Agencies have spent years laying bricks — churning out post after post, campaign after campaign, hoping volume would equal value. That model worked when consistency was the currency. But now? It’s a grind that leaves teams burned out, clients skeptical, and feeds crowded with content no one remembers.

Meanwhile, execution is cheaper than ever. AI tools and virtual assistants can stack bricks faster, cheaper, and around the clock. Clients know it. We know it. Which makes the question unavoidable: why would anyone pay premium prices for what a bot or VA can deliver?

The old model isn’t just inefficient — it’s obsolete. Agencies that want to survive have to stop being the bricklayers and start becoming the architects.



From Laborers to Architects

At The Cohort, we looked hard at what wasn’t working. Retainers that felt predictable once now felt draining. Teams were burning out. Clients were questioning ROI. The churn wasn’t serving anyone.

So we made the shift.

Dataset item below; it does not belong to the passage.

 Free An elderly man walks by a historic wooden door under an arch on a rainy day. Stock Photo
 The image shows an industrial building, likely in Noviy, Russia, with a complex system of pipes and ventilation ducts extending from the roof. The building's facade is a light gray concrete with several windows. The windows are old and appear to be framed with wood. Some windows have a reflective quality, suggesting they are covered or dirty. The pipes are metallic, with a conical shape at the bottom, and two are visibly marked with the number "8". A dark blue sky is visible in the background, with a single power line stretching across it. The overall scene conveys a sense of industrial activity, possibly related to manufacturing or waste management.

We stopped being the laborers and stepped into the architect’s role.

Here’s how that looks:

  • Discovery. Sit down with clients to figure out who they are, what they’re really trying to do, and why it matters.

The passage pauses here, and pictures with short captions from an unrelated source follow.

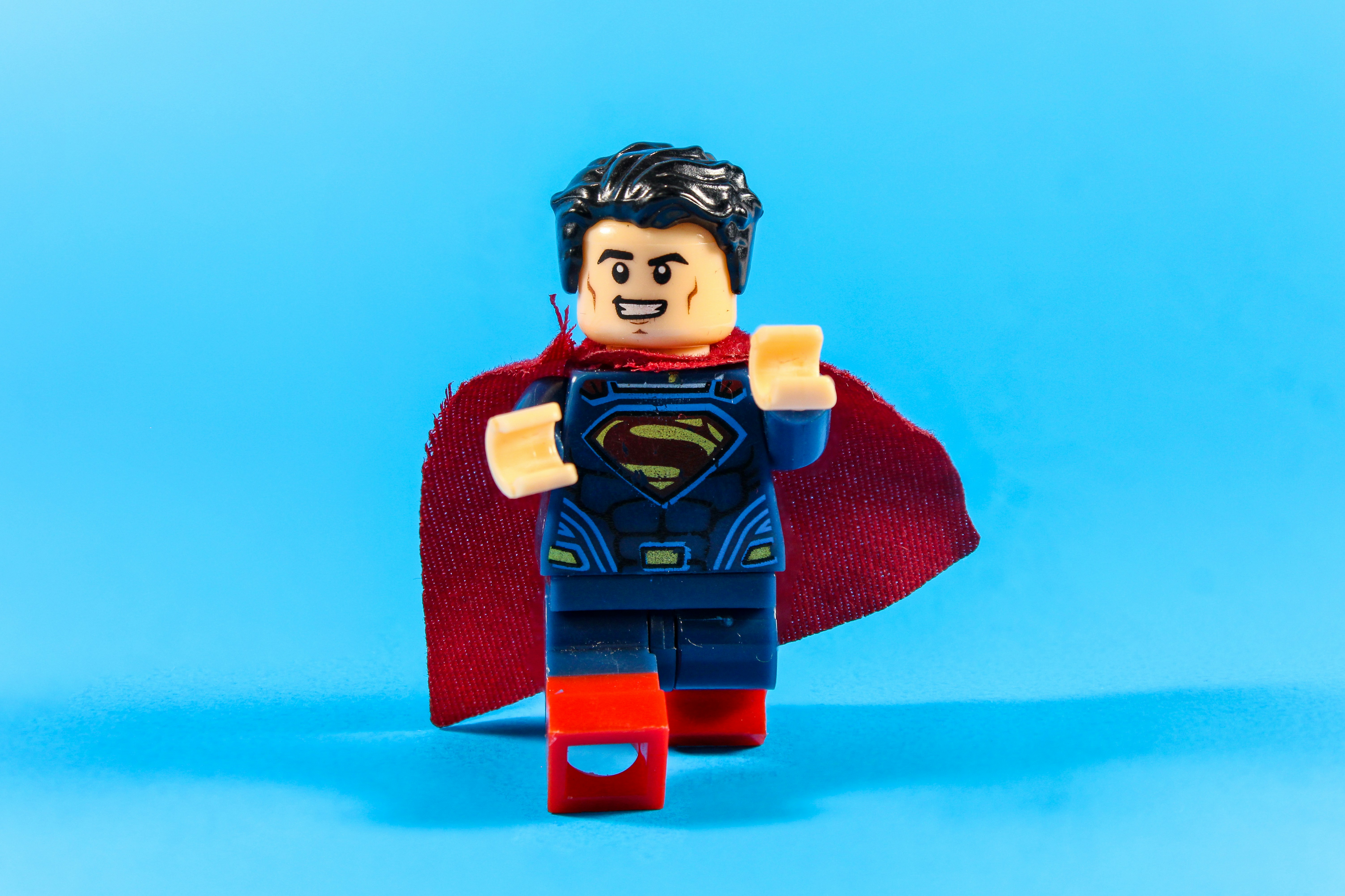 Figura lego di Superman con mantello rosso su sfondo blu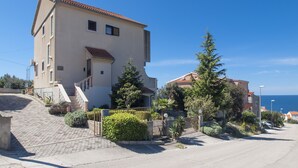 A two-story building with a tiled roof, a staircase leading to the entrance, and a paved driveway. - APARTMAN MIKELIN(2+1) AND 2 ROOMS(EACH FOR 2 PEOPLE) (Primošten)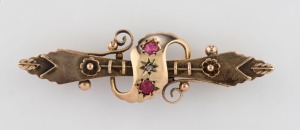 An antique 9ct gold bar brooch set with two red stones, late 19th century, ​​​​​​​5cm wide, 2.6 grams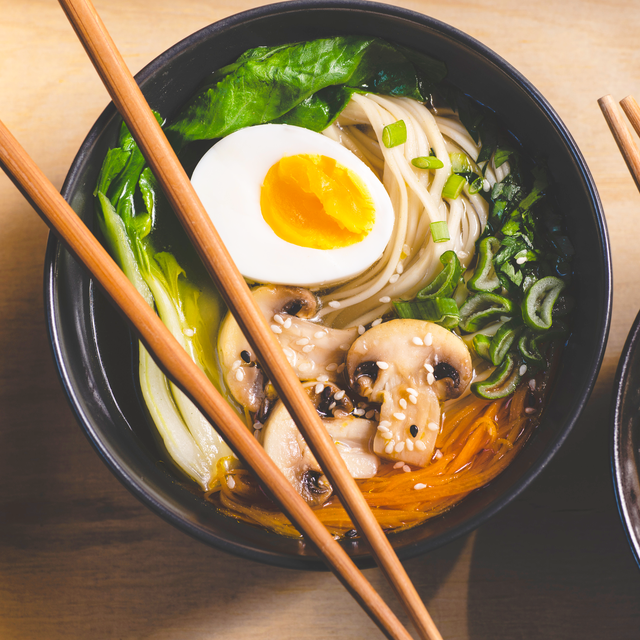 traditional japanese ramen soup with  mushrooms, bok choy, greens in  two black bowls on the orange background, top view, close up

  • Strategy. Map the practical plan that connects brand, business goals, and execution.

  • Systems. Build the workflows and tools that make it repeatable.

  • Delegation. Hand day-to-day execution to AI or VA support.

We design the blueprint. We don’t lay every brick.

Clients win because they get premium brainpower and a dream team experience — while execution is handled practically and affordably. We win because we’re focused on the higher-level work only we can do: strategy, systems, and creative direction.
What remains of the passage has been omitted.